L2 · Data Operations⚠ not certain from listing

Not certain from the listing — ingests, transcribes, and stores voice feedback. Key threats include unauthorized access to raw audio recordings (which may contain PII), data exfiltration from the survey database, and lack of secure data retention policies for voice biometrics.

L3 · Agent Frameworks⚠ not certain from listing

Not certain from the listing — orchestrates the conversational flow and survey logic. Threats include insecure tool integration with telephony APIs, allowing an attacker to hijack the agent's logic to make unauthorized outbound calls or bypass survey boundaries.

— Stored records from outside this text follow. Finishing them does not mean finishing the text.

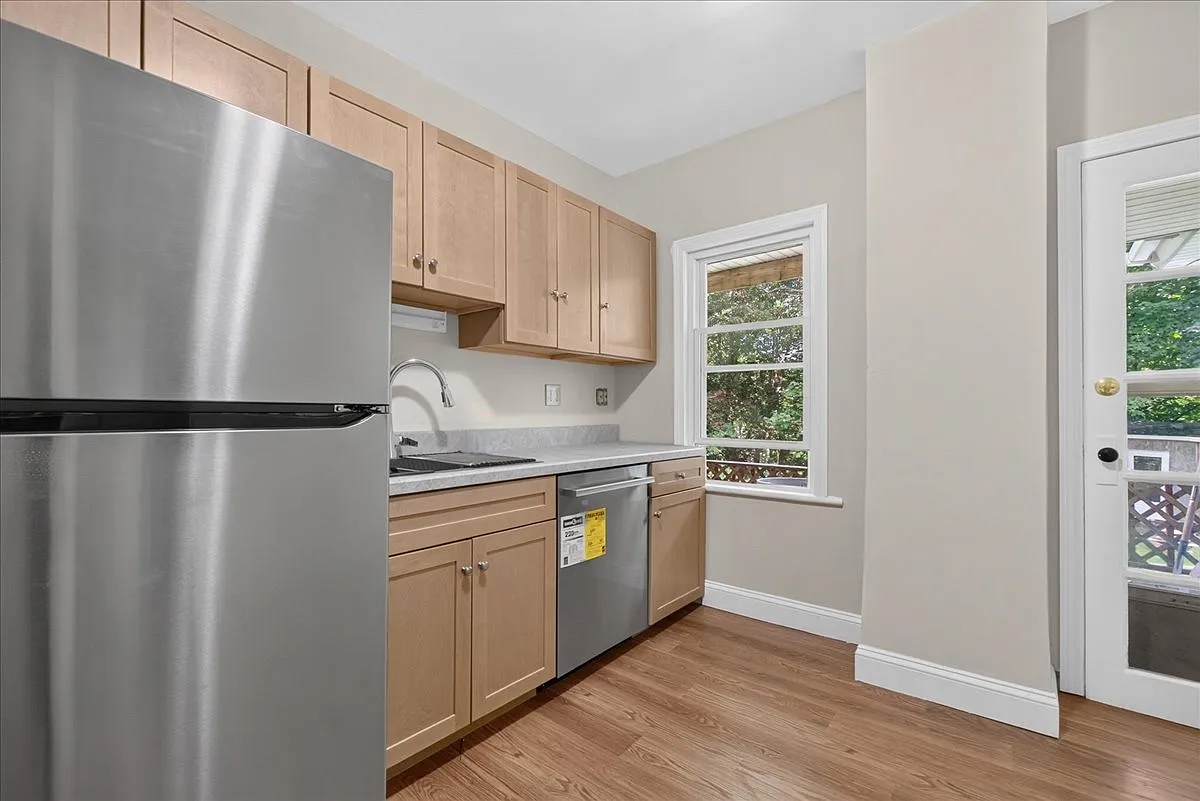 1 bed, 600 sqft, $1,495 — Photo 2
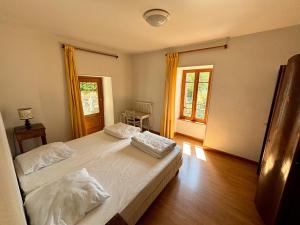 Maisons de vacances Maison De Caractere- Puy De Dome : photos des chambres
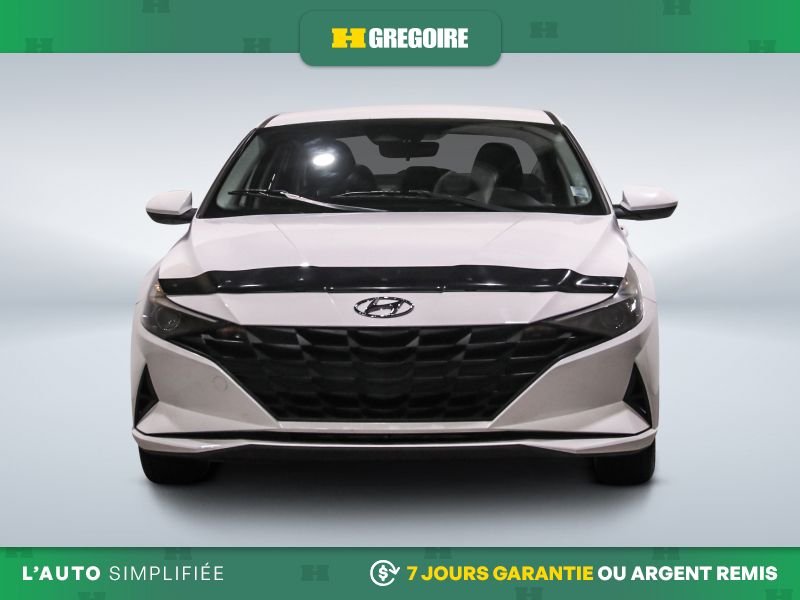 Hyundai Elantra 822272 | Essential AUTO AC GR ELECT MAGS CAM RECUL BLEUTOOT 2023 Blanc Laval - photo #1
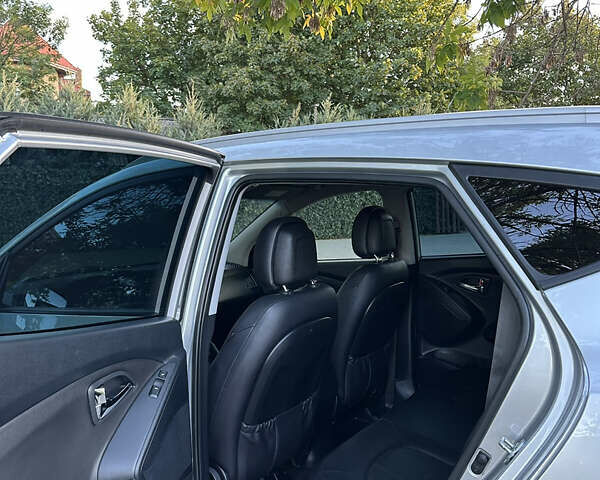 Сірий Хендай іх35, об'ємом двигуна 2 л та пробігом 190 тис. км за 12500 $, фото 25 на Automoto.ua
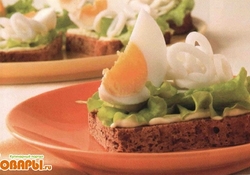 Рецепт: Бутерброды с кальмарами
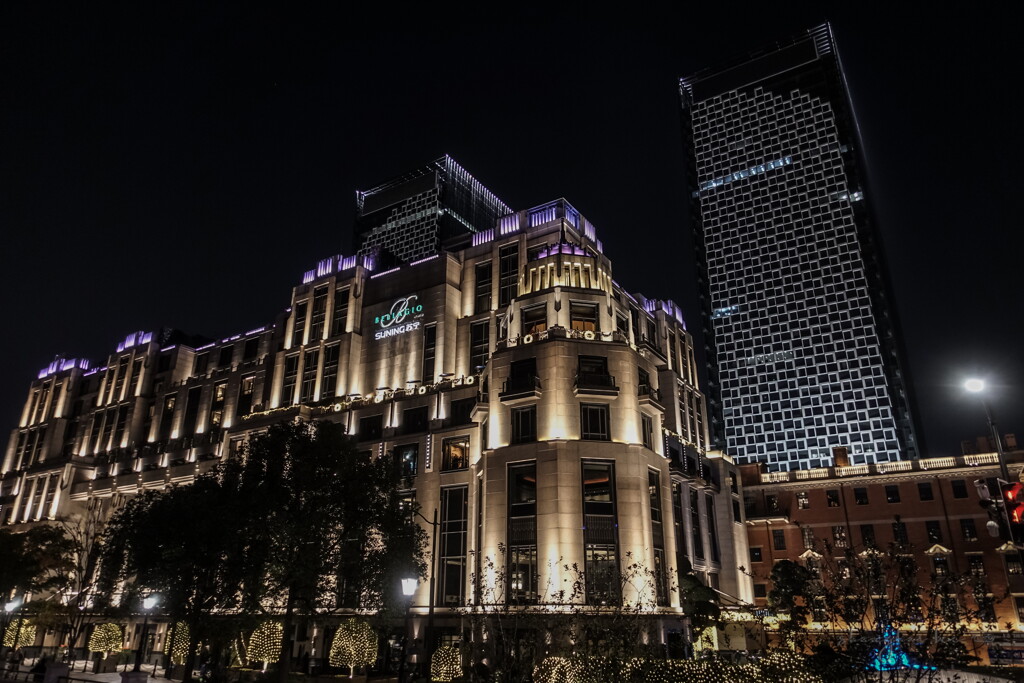 nighttime contrasts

L4 · Deployment & Infrastructure⚠ not certain from listing

Not certain from the listing — relies on telephony infrastructure (SIP/WebRTC) and cloud hosting. Threats include toll fraud, SIP registration hijacking, and insecure storage of audio files in cloud buckets without proper access controls.

L5 · Evaluation & Observability⚠ not certain from listing

Not certain from the listing — requires real-time monitoring of call transcripts and sentiment analysis. Gaps in observability could allow malicious actors to use the conversational agent for social engineering without detection.

L6 · Security & Compliance (cross-cutting)⚠ not certain from listing

Not certain from the listing — must adhere to strict telecommunication regulations (e.g., TCPA in the US, GDPR/CCPA for voice recording consent). Lack of explicit consent mechanisms or secure access controls to the analytics dashboard poses compliance risks.

L7 · Agent Ecosystem⚠ not certain from listing

Not certain from the listing — likely integrates with downstream CRM or marketing automation platforms to push survey insights. Threats include cascading trust issues where a compromised survey agent injects malicious payloads or false data into connected enterprise systems.

MAESTRO — the 7-layer agentic threat-modeling framework (Cloud Security Alliance / Ken Huang).